Data Scientist is a buzz word for Statistician. Business Analyst is buzz word for Industrial Engineer. For example 10 years ago if you studied at my university you would witness that some Statistics students were doing second major mostly at Industrial Engineering and vice versa. They are already related for many years but average Joe has no idea.
Eh. I'd say "industrial engineer" has more bullshit in it than "business analyst" by a long shot. The twenty or early thirty something spending all day in powerpoint and excel to make presentations and handouts for a fifty or sixty something to present to other fifty and sixty somethings is more likely to have majored in economics, business, and/or have an MBA than to have spent any time anywhere near an engineering department.
I still don't really know what a business analyst role truly entails. In my office they seem more like mini project managers w/o the management. They talk to internal stakeholders a bunch, handle a lot of our UAT, and I guess do some reports stuff? One has moderate tech skills (but no programming) and the other is just really good at Excel.
I'm still not sure what their actual formal responsibilities are.
I mean, a business analyst should do just that: analyzes the business. It's usually their job to translate strategic areas of improvement in the business unit into specific outcomes.
They ask questions to identify areas of improvement; translate those into functional (and sometimes technical) requirements for other areas (not just IT) to fulfill; and then coordinate the efforts to implement those requirements, potentially as PMs, product owners, Scrum masters, UAT leads, or just a SME.
The best BAs (paraphrasing the data science JD) know more tech than the business and more business than the tech.

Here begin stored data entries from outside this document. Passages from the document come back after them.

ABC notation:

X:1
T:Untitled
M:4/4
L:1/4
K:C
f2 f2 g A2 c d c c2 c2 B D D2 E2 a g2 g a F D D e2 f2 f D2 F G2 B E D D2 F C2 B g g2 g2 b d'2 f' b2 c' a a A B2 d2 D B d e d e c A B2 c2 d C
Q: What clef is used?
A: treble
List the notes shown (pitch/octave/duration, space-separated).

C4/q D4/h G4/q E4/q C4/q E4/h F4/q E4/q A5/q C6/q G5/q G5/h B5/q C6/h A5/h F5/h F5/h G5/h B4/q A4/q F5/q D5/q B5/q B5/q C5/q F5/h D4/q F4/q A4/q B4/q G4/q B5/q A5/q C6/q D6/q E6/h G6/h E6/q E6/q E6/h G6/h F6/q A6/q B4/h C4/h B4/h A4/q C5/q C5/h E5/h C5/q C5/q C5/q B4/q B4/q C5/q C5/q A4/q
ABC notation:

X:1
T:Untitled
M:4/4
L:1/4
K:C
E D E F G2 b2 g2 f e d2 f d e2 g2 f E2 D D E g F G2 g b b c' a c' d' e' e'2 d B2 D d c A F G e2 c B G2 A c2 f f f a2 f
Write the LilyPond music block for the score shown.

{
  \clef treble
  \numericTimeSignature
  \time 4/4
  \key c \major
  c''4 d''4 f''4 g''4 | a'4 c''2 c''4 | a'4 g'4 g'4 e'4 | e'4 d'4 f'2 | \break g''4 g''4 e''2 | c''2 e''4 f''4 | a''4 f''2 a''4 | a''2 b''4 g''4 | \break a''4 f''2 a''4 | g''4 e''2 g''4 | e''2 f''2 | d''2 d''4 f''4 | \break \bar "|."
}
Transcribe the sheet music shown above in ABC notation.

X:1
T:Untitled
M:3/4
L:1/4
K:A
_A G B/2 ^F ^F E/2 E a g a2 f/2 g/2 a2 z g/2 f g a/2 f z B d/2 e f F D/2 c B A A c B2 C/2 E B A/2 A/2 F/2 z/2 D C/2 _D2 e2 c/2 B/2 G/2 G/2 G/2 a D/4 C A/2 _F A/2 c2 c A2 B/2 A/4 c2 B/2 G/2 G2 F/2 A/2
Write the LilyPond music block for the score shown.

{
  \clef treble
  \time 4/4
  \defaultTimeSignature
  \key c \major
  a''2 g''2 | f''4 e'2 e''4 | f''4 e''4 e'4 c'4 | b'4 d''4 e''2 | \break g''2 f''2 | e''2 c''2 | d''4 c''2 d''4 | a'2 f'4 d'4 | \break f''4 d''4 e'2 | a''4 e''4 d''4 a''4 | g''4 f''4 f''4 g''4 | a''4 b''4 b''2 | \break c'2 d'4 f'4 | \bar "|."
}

It's really not. The skill set we need in terms of some software, system design, and a rich knowledge of modern data science libraries and trends is not something you should expect a statistician to have.
Similarly, I certainly cannot prove asymptotic theorems like a statistician.
Or design patterns, software, modern database architectures, cloud services, how to write production code...
I'm not trying to slight the Dept. of Stats. I love statistics. I've found studying PhD stats textbooks more valuable for my data science career than learning the latest deep net framework. I'm just noting there is a need for other tools.
We're passed the early peak of the hype cycle, but now the marketers have calmed down the real world applications are maturing.
If you think of Data Science as AI sure, but if you frame it as applied statistics + good software engineering practices + cloud scale I think things are in a good place.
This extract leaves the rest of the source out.